And here we are Mother’s Day 2021 one year later.
And here I am still writing and posting.
Time to remember our mothers once more with their own special day.
My mother was my best friend growing up.
She bent over backwards to provide me with a happy childhood.
She got a job driving a bus just so that I could be with her.
She would help my creative endeavors by drawing whatever pictures I asked her to draw for me.
She drew pictures on my lunch bag. I called this my drawing lessons even though it was her who did the drawing.
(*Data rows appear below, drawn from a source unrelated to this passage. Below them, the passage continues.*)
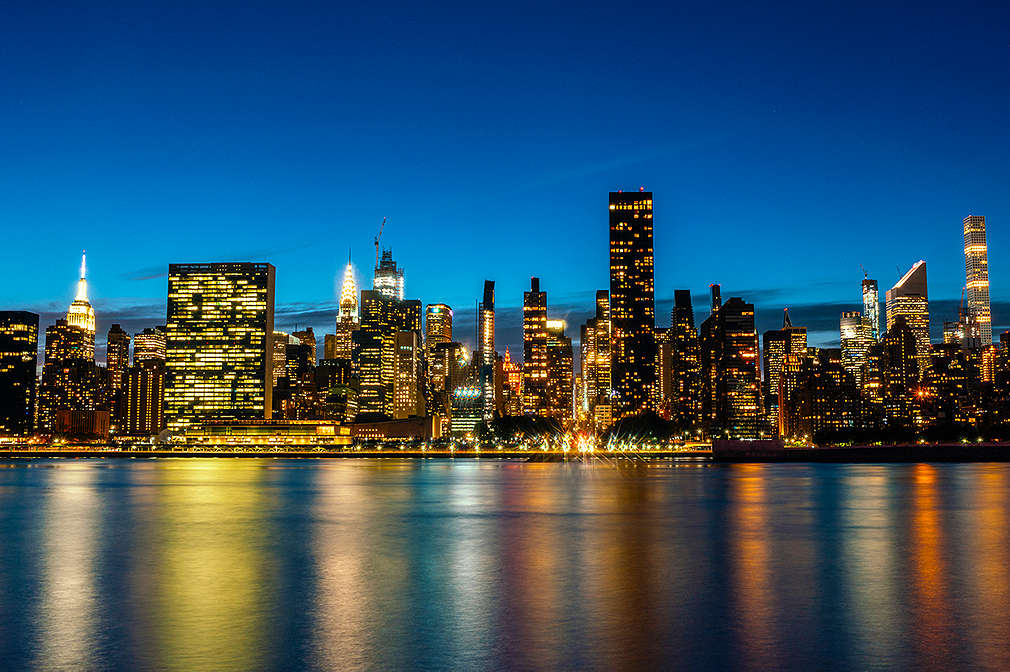 Zu sehen ist die New Yorker Skyline, die bei Nacht in tollen Gelb-, Rot-, Blau- und Lilatönen auf dem Wasser reflektiert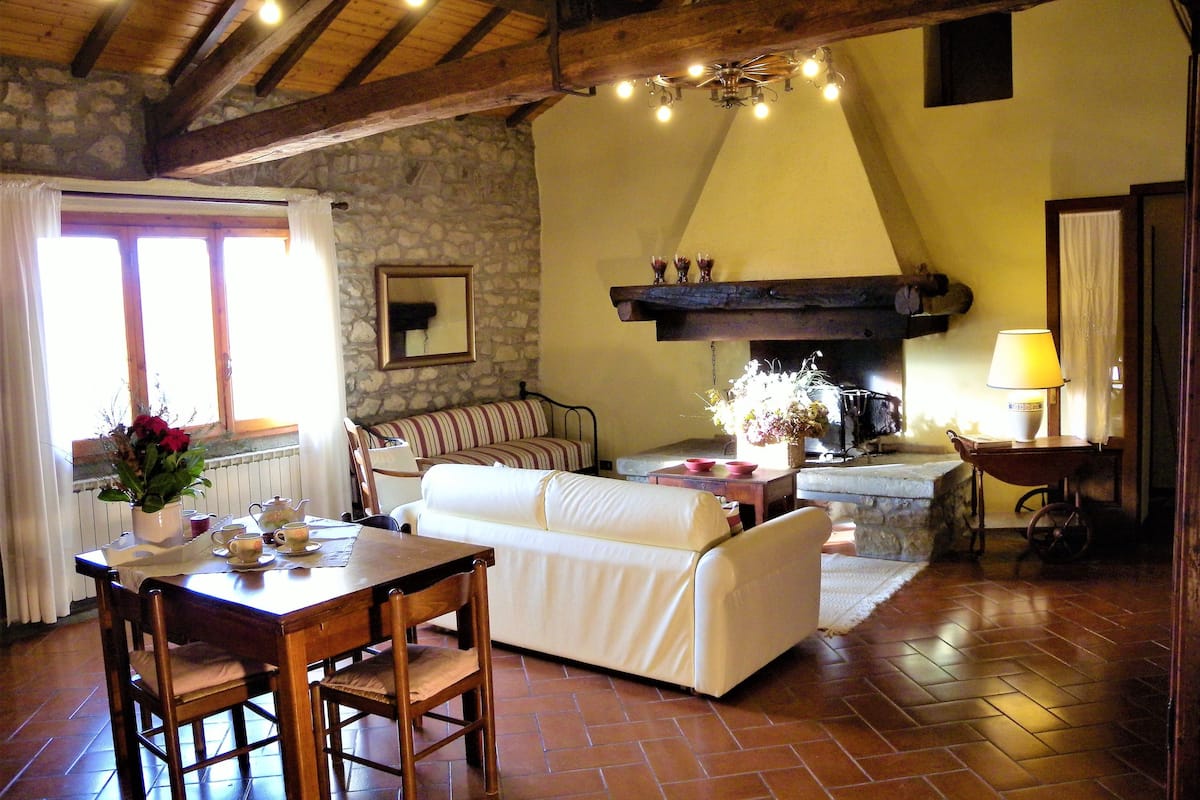 Una sala de estar acogedora con pared de piedra, vigas de madera, chimenea, comedor con mesa y sillas, y un sofá.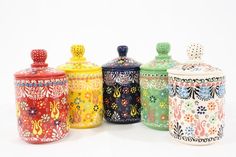 four colorful canisters are lined up on a white surface, one is decorated with flowers and the other has a polka dot design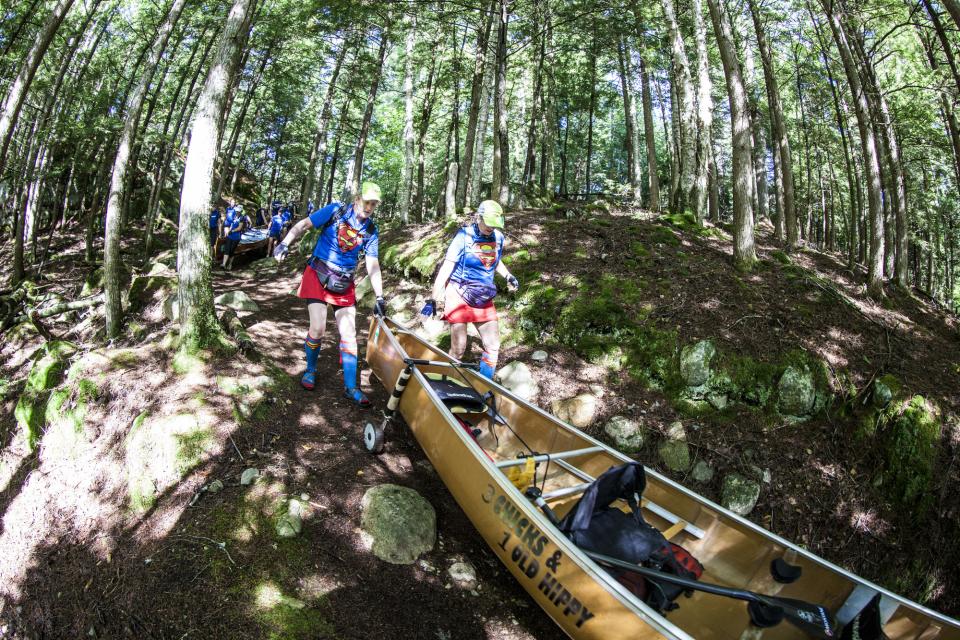 A team navigates one of the carries with their canoe in the Adirondack Canoe Classic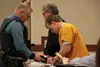 Michael Freeman does paperwork as part of his fingerprinting at the end of his Wednesday sentencing hearing. Freeman received a five year sentence with one year, six months suspended and five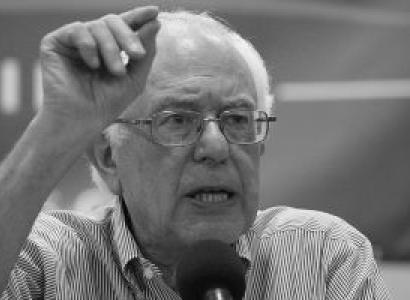 Black and white photo of Bernie Sanders gesturing as he talks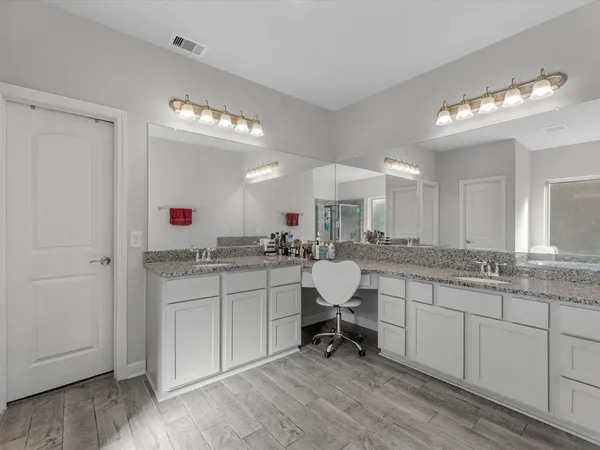 a large white kitchen with a sink cabinets and living room view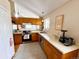 Inviting kitchen featuring oak cabinets, updated appliances, and bright lighting at 6899 Countryside Ln # 269, Niwot, CO 80503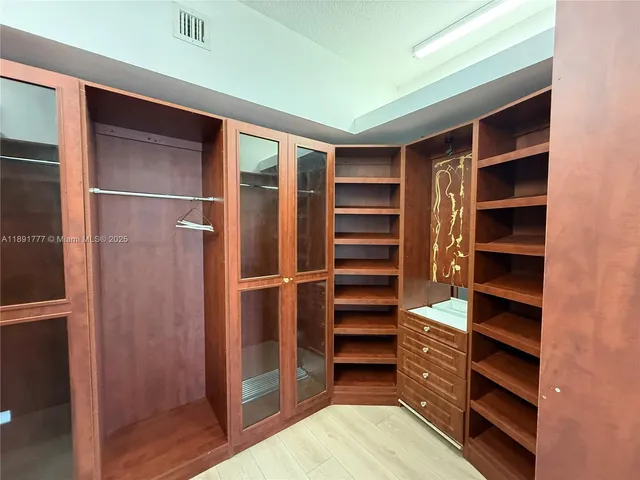 a view of walk in closet with empty racks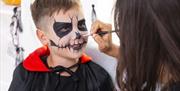 A face painter painting a Halloween face on a boy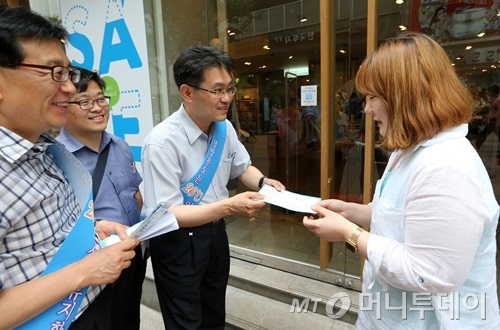변종립 에너지관리공단 이사장이 명동 TNGT를 방문해 직원에게 에너지절약 전단지를 나눠주고 있다. TNGT는 에너지 절약 스티커를 붙이고 가게 문을 닫은 채 영업중이었다. /사진=이동훈 기자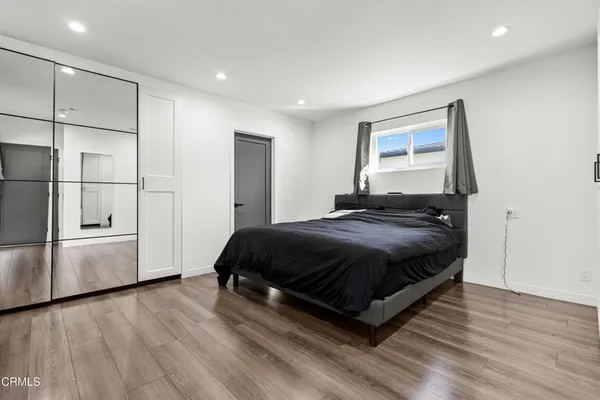 a spacious bedroom with a bed and a refrigerator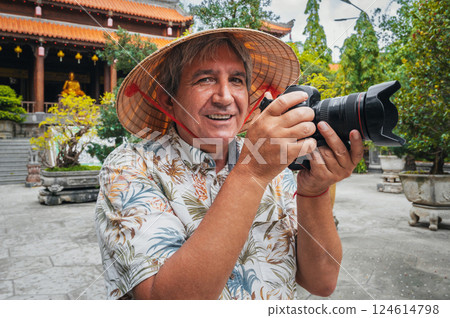 happy elderly man tourist travel photographer in Vietnamese hat takes pictures with camera at pagoda in Nha Trang in Vietnam. Tourism and travel in Asia happy elderly man tourist travel photographer in Vietnamese hat takes pictures with camera at pagoda in Nha Trang in Vietnam. Tourism and travel in Asia 124614798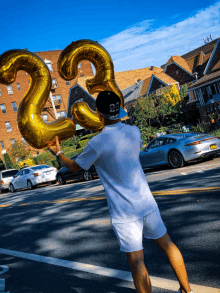 a man in a white shirt and shorts is holding balloons in the shape of the number 23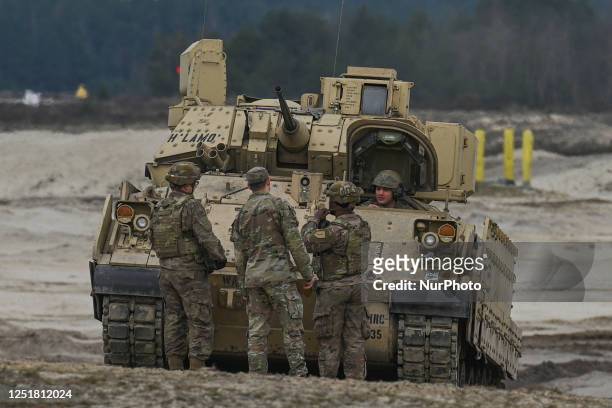 Soldiers from 2nd Battalion, 70th Armor Regiment, 1st Infantry Division train with Bradley Fighting Vehicles at Nowa Deba, in Nowa Deba, Poland, on...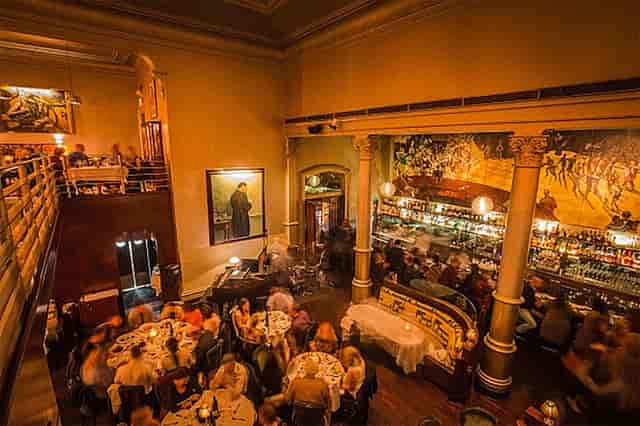 Vibrant Speakeasy venue with elegant decor for upscale events and intimate gatherings.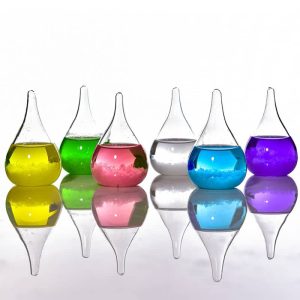 Sechs bunte chemische Reagenzgläser mit unterschiedlichen Flüssigkeiten, reflektiert auf einer glatten Oberfläche, symbolisieren Wissenschaft und Forschung.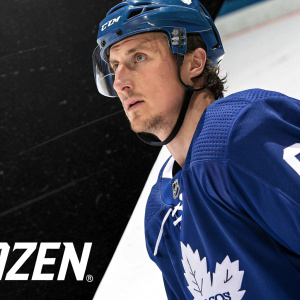 Tyler Bozak, hockey player, intense look on his face. White rink surface. Bold black background with 'izen' logo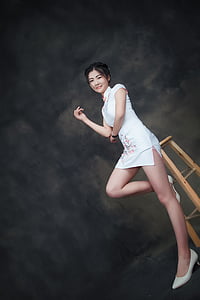 woman in white cheongsam sitting on stool thumbnail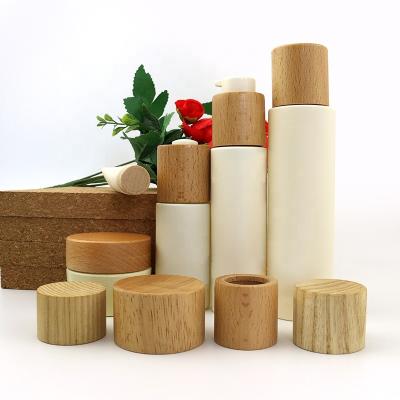 China Non Spill Beech Wood Cover Natural Wooden Lids Plastics Insert For Skin Care Production Personal Care Jars for sale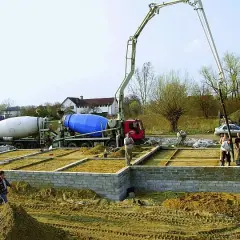 Betonowanie ławy fundamentowej. Dwie betoniarki i pompa do betonu pracują na budowie.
Mark will not let me alone. He wants me to write about him so he can know what he did when he was small. He wants to be sure I put in that Laurie stepped on his toe. He wants also to have me put in about his “ Sean & Marky” comic books that he makes. He gets the ideas and dictates his ideas to me each night so I can draw them. He calls them Our “Drawing Lessons”. But I have to do all the drawing. Louise Wilson’s Diary-July 2nd, 1977
In one particular video I made for my 8th grade history class on Lewis and Clark, she dressed up as a charging elk wearing a fur coat and an Alf mask.
My mother is the reason I don’t swear or drink alcohol. There was a time I didn’t listen to rock music, cause my mother didn’t.
Her all-time favorite musical artist is Merle Haggard and this is the song we danced to at our wedding.
There was the time my father wanted to take me to an R rated movie called the Eye of the Needle. I didn’t go because my mother wouldn’t have liked it.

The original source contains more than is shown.